Stephen: No, I think that’s right, and so to me one of the interesting issues that came up with the Mike Flynn episode is that folks who thought Mike Flynn was violating the Logan Act, pointed specifically to statements he made, conversations he had, communications he was involved in during the presidential transition, that is, while President Obama was still in office. But after the election, after it was clear that then President-elect Trump was going to become president. And so, you know, Jeff, there’s an interesting question about what should happen in that period? The Constitution has long sort of been understood to create this lame-duck president. And the incoming president, this is where I think that the statute may itself have a carve-out. So the statute is, as we said a few minutes ago, only makes it a crime if the citizen in question is acting “without authority of the United States.” Well, you know, I think there’s an interesting question, about whether a president-elect who is not president yet, but who is going to be the president soon, who’s going to be the, you know, leader of the government, the principal articulator of our foreign-policy soon, is really acting without authority of the United States. Congress has actually taken a number of steps, in the last 10 or 15 years, to give transition teams more formal authority, to give them more power to do things like fill vacancies, set up offices, you know, start sort of building infrastructure, so they can walk in on January 20th and not have to start from scratch. I actually think it’s not nearly as clear, even if the Logan Act were viable, in general, that it would be available to prosecute members of transition team, when it’s just a matter of time before those same individuals are going to be in a position to, you know, conduct this foreign policy, directly and overtly.

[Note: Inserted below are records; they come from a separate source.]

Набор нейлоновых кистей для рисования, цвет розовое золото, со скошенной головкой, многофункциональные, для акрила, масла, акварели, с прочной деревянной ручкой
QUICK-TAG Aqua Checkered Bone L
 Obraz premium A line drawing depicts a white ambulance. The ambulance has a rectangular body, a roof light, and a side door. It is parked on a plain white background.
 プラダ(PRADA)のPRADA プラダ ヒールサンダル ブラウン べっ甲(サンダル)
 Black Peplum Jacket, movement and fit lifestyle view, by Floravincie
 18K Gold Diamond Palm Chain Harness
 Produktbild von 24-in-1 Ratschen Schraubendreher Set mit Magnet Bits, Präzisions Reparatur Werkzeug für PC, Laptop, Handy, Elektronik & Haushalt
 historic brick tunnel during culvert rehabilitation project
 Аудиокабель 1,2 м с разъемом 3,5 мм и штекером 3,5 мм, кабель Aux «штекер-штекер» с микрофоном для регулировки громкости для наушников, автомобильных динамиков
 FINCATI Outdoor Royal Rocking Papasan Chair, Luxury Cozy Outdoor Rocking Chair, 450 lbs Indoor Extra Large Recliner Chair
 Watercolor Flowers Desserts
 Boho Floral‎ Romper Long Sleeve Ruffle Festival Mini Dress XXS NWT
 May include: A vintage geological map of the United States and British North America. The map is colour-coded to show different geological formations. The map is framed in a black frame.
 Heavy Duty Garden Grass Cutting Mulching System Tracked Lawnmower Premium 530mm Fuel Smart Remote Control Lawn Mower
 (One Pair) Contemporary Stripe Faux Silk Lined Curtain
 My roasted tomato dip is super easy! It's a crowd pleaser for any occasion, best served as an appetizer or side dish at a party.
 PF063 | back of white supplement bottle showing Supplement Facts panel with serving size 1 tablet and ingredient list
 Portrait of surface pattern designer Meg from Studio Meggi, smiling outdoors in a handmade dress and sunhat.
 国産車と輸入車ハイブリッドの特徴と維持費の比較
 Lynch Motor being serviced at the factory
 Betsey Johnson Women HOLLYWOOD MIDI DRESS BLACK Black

Jeff: Has there ever been historically any attempt on the part of Congress, between the time the Logan Act was written and now, to really relook at it and address it in contemporaneous terms?
Stephen: So in a word, no. Congress, for better or worse, has actually generally left all of these interesting but largely antiquated statutes enacted during the sort of late Federalist period on the books. So we have the Logan Act. We have a statute called the Alien Enemy Act, which allows for pretty harsh measures against citizens of countries with which the United States is at war. We have statutes like the Neutrality Act, which was passed around the same period, to prevent Americans from, you know, sort of helping to bring the US into a war. You know, these statutes really haven’t been modified or amended since they were passed in the late 1790s. And so, it raises this really interesting question of, “Why?” If Congress really thinks this is a problem, obviously Congress can revisit these statues. Congress can amend them. Congress can repeal them. In the context of the Logan Act specifically, I think Congress doesn’t think that it’s a problem, frankly because it’s never been used. And because there’s no real sense that there is a missing opportunity, and that there’s sort of all these bad things that can’t be punished because of the Logan Act, for lack of a better word, desuetude, the fact that it falls into such dormancy. Maybe I’m wrong, maybe Congress actually has really good ideas about how they want to fix this and just haven’t got around to it yet, but one would think that, you know, somewhere along the way in the last 218 years, if this really was something worth fixing, Congress would’ve sat down and tried to do it.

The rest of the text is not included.